Drake never felt completely at home in either milieu. He was a black kid in a white Jewish enclave, and a Jewish Canadian in a Southern black 'hood.

"I went to a predominantly Jewish school, so to be half-black and Jewish wasn't something a lot of other kids could understand," he said. "A lot of their nannies were black. They made me feel like an outsider, for sure.

"Memphis was like one of those wild theme parks in movies. We might be shooting guns in the back yard at my cousin's house, or drinking beer. My dad watched out for me, but he was like, 'Go ahead, see the world.' Crazy things would happen."

Outsiders are often good observers, and Drake was fascinated by the different forms of high life he saw in his two hometowns: the well-bred upscale women in his mother's set versus the flashy, bling-laden guys he saw at rap shows in Memphis.

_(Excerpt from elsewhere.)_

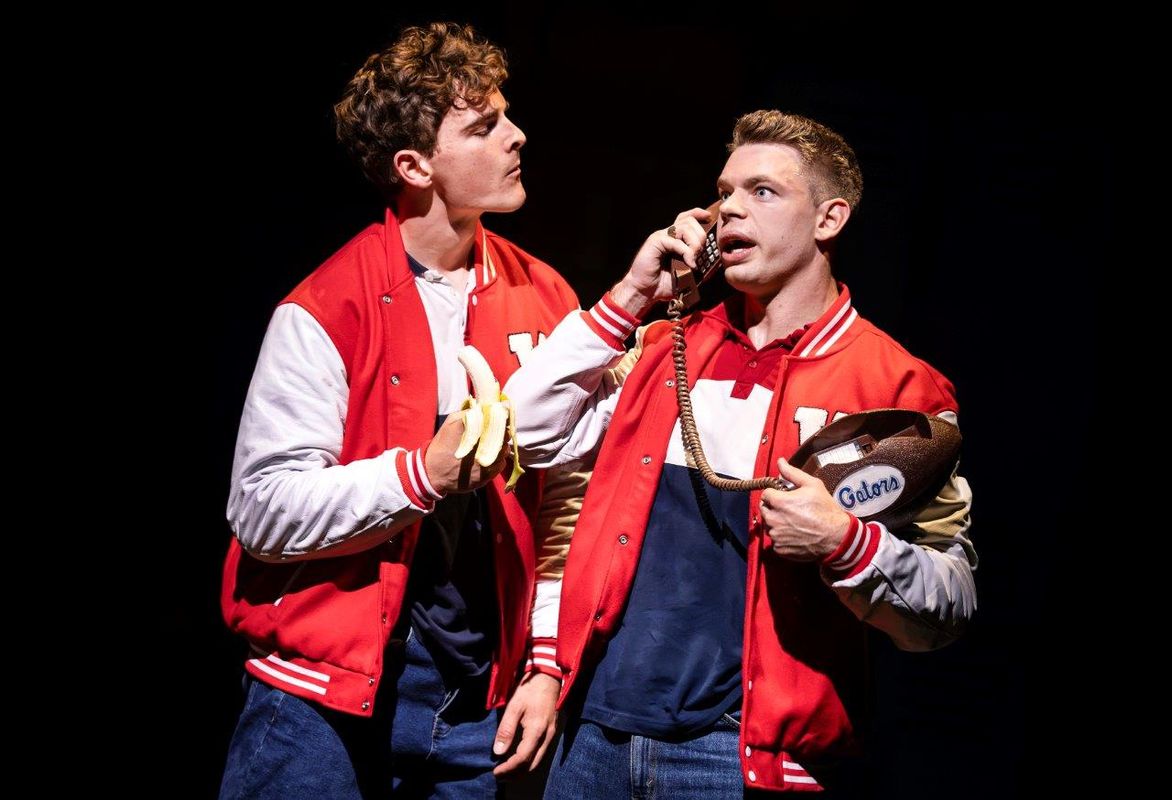 Two men in red and white jackets, one is eating a banana and the other is holding a football and talking on the phone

He wanted a bit of both for himself, but also sensed that the gold under the rainbow might not be enough.

"As a 23-year-old kid, that's what I strive for: money, cars, clothes, now furniture - material things," he said. "That's what we're conditioned to think happiness is. But are we on the right path? Is it possible to find love, to enable you to enjoy all this stuff? I'm a young man of substance. I don't like chasing empty connections. That's what my album is going to be about: my new situation, about me getting a firm grasp on it, and then trying to find the missing component."

He's been lucky so far, both in the timing and reception of his own work, and in the high-profile collaborations that have come his way, with Kanye West, Jay-Z, Alicia Keys and Mary J. Blige. He has a solid entrée into the top tier of the American hip-hop scene, above all through Lil Wayne, who took him on the road with his Young Money crew in 2008, signed him to his boutique label in June, and showed him what hard work really looks like.

"My mom always used to say, 'You've got to work hard, because when you're resting or you take a break, there's somebody else that chose not to,' Drake said. "Lil Wayne is that guy, who chooses not to ever take a break. When I'm tired at the end of the night, because we've done a show and an after-party, he's like, 'I'm gonna go on the bus and record some songs.'"

It's a timely lesson, because wonder boy Drake is still just getting started. With luck, his album may be out by the time he suits up for the Grammys.